I've had one engine failure but just scraped into a small airfield. It was my fault as I was new to the type and ran it out of fuel even though it wasn't empty

SS

Genghis the Engineer

It depends what you fly. Whilst it is best practice to assume that if you are in a single engined aeroplane, the engine will fail at some random point on the current or next flight, the reality is that the majority of modern light aircraft engines are extremely reliable and most pilots will never experience an engine failure. (I'll admit to several including a couple of field landings, but much of my flying has been with uncertified engines and a fair bit of that test flying new homebuilts).

Unless an aeroplane has good enough glide capability to thermal, then a good glide ratio will only extend your options, you'll still be coming down eventually (and that's even true in a glider, albeit possibly much later). However, if you are looking for very good glide performance from a single engined aeroplane then the best will certainly be from a motorglider such as a G109b (or a microlight/motorglider hybrid such as a Chevvron). After that, it's likely to be the modern composite aeroplanes that are best such as the Diamond DA40 or the Europa.

For water crossings "hoping for the best" is not the best approach - it's more a combination of confirming likely engine reliability, carrying appropriate safety equipment, planning a route which minimises time over water and maximises rescue opportunities. For flights over mountains, the same applies - to be honest I'd rather have an engine failure low over the English Channel than low over the middle of Snowdonia.

G

Frelon

Don't have any of these engine related problems with a glider! So much to go wrong in an aeroplane with an engine.........I jest really!

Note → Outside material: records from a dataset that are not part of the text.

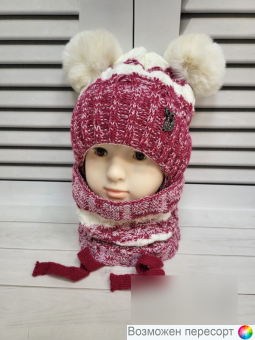  :    (2-5 ) . 1541488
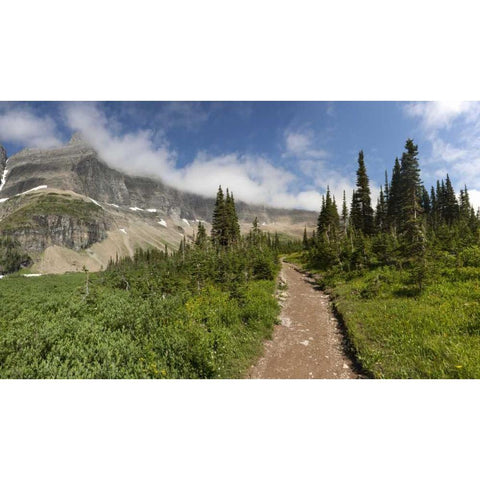 Montana, Glacier NP Hiking trail and landscape Black Modern Wood Framed Art Print by Grall, Don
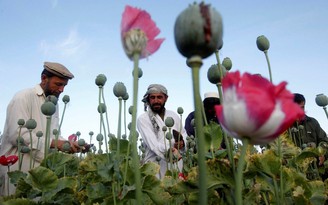 Taliban đã kiếm tiền như thế nào để phục vụ cuộc chiến ở Afghanistan?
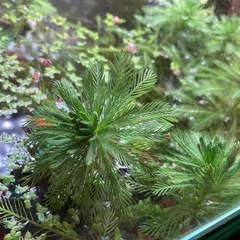 水草 ミリオフィラム アクアリウム　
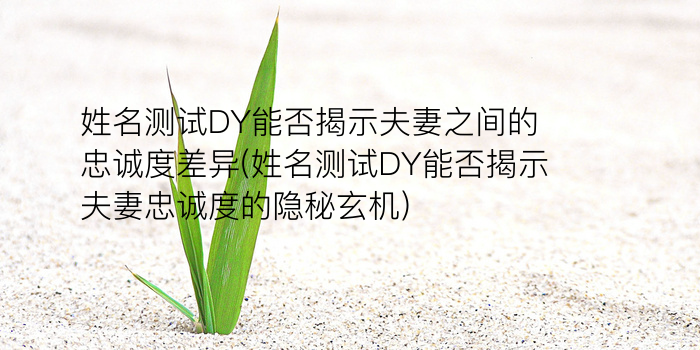 SY777命理网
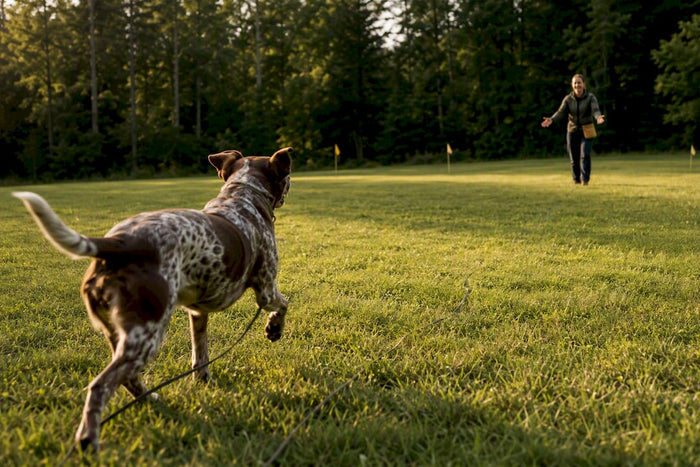 Dog practicing recall in a meadow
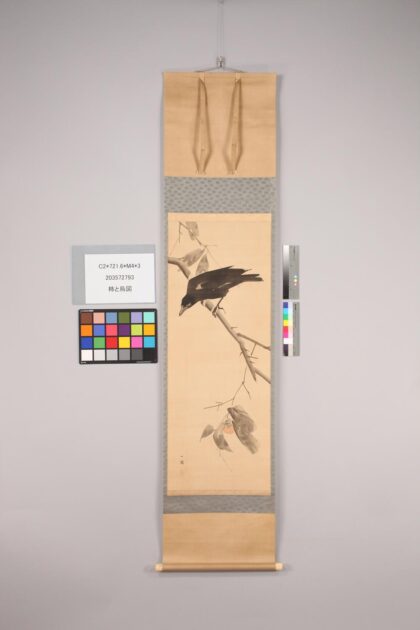 4750 柿と乌图 1109152603 1.jpg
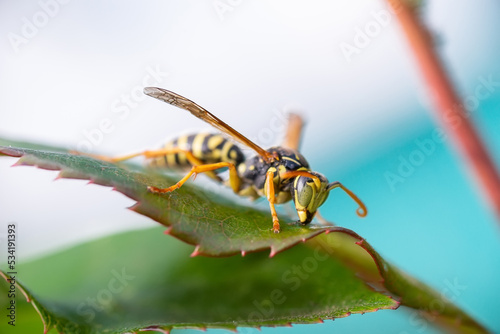 The wasp is sitting on green leaves. The dangerous yellow-and-black striped common Wasp sits on leaves.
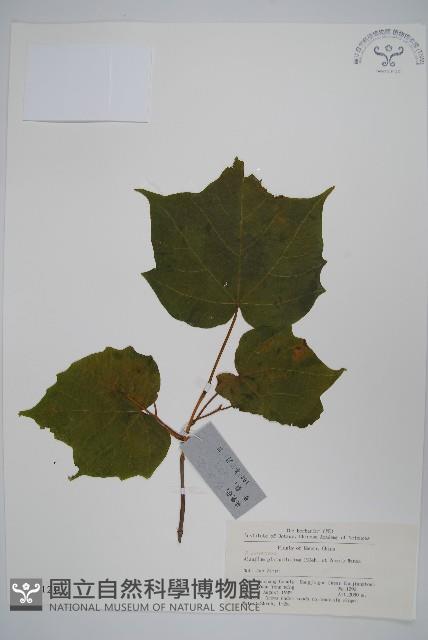 八角楓、瓜木藏品圖，第1張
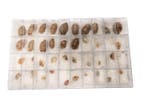 Kleine en fijne Kauri-schelpenverzameling. Skelet - Cypraea, Nieuw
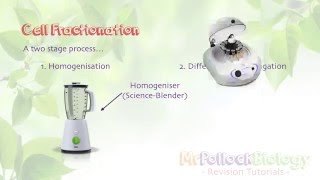 Differential Centrifugation to fractionate cell [upl. by Edmanda962]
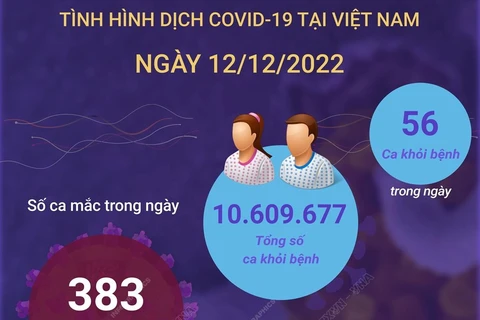 [Infographics] Cập nhật tình hình dịch bệnh COVID-19 ngày 12/12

But if you have not started your PPL yet why not start with a few gliding lessons to get a taste for engineless flight. You might even like it, and what's more it will give you skills that can only enhance your PPL training.

Remember in a glider you only get one chance of a landing

SNS3Guppy

Vabsie,

Welcome to the wide world of aviation.

Most light airplanes have a glide ration which approximates about a 6:1 ratio or so, though some as little as 3:1...for every foot the aircraft descends, it glides forward three to six feet. Some better, some worse, but that's about the average. That said, the distance one can glide forward isn't particularly important. What's important is being able to land once you get done with the glide.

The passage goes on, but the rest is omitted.